Lessons can feel like they are already weighing too much before they’ve even started. A subject seems important, an activity looks appealing, and the educator wants pupils to understand everything possible. And then the lesson objective becomes something like “understand communication” or “learn fractions” or “improve writing.” Those objectives sound important, but they don’t offer enough guidance to plan with. A little lesson objective will state what pupils will rehearse, what they will create or reveal, and how you will know that your lesson was effective.
In introductory pedagogical theory, the objective is not an ornament on the top of your lesson plan. It is the decision that governs lesson order. If the objective is too general, the instruction will be too wordy, the activity might not reflect what you want to do, and the summary will be vague. A specific objective allows you to select one example, one guided practice session, one free practice time, and one verification exercise. You will also learn not to teach several lessons all at the same time.

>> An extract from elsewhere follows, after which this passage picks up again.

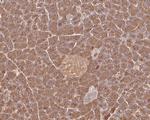 Trypsin 2 Antibody in Immunohistochemistry (Paraffin) (IHC (P))
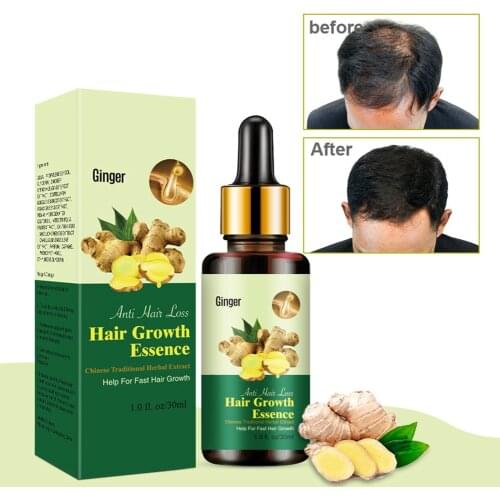 30ml Anti Hair Loss Serum for Dense Hair Growth Treatment Oil Hair Tonic Hair Care Hair Loss Liquid Hair Growth Serum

One way to take something too broad and make it less than it is: ask what pupils should be able to do when the lesson is over, not when the term, the month, or the unit is over. “Learn rules for the classroom” is too general. “List two rules for the classroom and when to apply them” is easier to plan. “Read better” is too general. “Recognize the major point in a one-paragraph text” will be a better guide for instruction. You won’t make the lesson less important with its smaller version, just more apparent what the result will be.
Now, the second stage is to consider whether or not the objective has a verb. Verbs like understand, know, learn, and admire may serve in the spoken conversation, but are hard to detect in a lesson. Verbs like identify, pair, explain, compare, solve, mark, choose, write, and enact are much simpler to align with learner performance. The point is not that every objective needs to be formal sounding, but rather it must enable you to see what pupils are doing in class instead of just what you expect them to think about.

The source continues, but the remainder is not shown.